Surgissant des ténèbres, plusieurs hommes apparurent, leurs silhouettes se découpant dans la nuit. Vêtus de cuir usé par les ans, leurs vêtements portaient les marques d'anciens combats, et des symboles guerriers ornaient leurs poitrines. Leurs visages étaient dissimulés sous des capuchons sombres, mais leurs yeux brillaient d'une détermination froide. Ils tenaient des arbalètes ornées de gravures anciennes, des armes redoutables chargées de carreaux en acier, prêts à tirer.
- Sigurd, on y va ! rugit l'un des hommes, sa voix rauque résonnant comme un écho dans la nuit. Ne les laissons pas s'échapper, pour le clan et pour notre honneur !

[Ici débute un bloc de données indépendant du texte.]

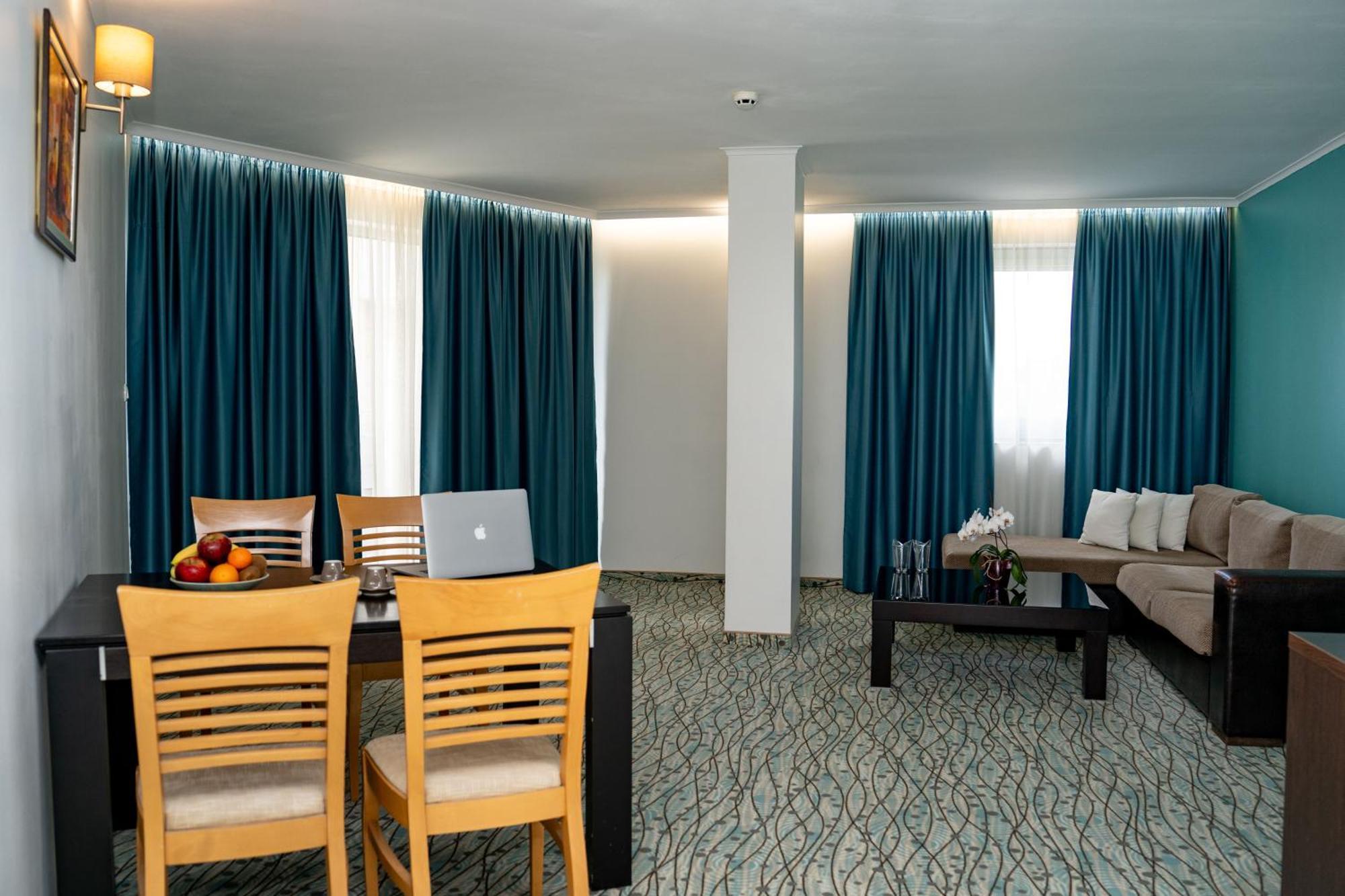 Aqua Hotel Burgas City Exterior foto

Leurs flèches fendirent l'air comme des éclairs, et les loups, enragés, se jetèrent sur les assaillants. Les grognements résonnaient dans la forêt, un cri de guerre qui faisait trembler le sol. Les bêtes, unies dans leur instinct protecteur, se mirent à tourner autour de l'homme-loup, leurs crocs découverts, prêts à défendre leur alpha avec une férocité indomptable.
Dans le tumulte, l'homme-loup se tourna vers Luna, son regard empreint de détermination et de rage. D'un coup de griffe, il trancha les liens qui la retenaient, la libérant ainsi. Puis, sans prévenir, il l'attrapa par le poignet.
- Viens, ne restons pas ici ! dit-il avec une intensité brûlante.
Un énorme loup, le plus grand de la meute, se plaça devant eux, se tenant en défense, ses muscles tendus et son pelage hérissé. Luna fut alors jetée sur son dos, la sensation de la fourrure chaude contre sa peau lui apporta un réconfort fugace. En un clin d'œil, l'homme la rejoignit sur le dos de l'animal, frappant sur la nuque de Luna avec une précision mortelle. L'impact l'assommât , la plongeant dans un sommeil profond, tandis que le chaos de la bataille se déchaînait autour d'elle.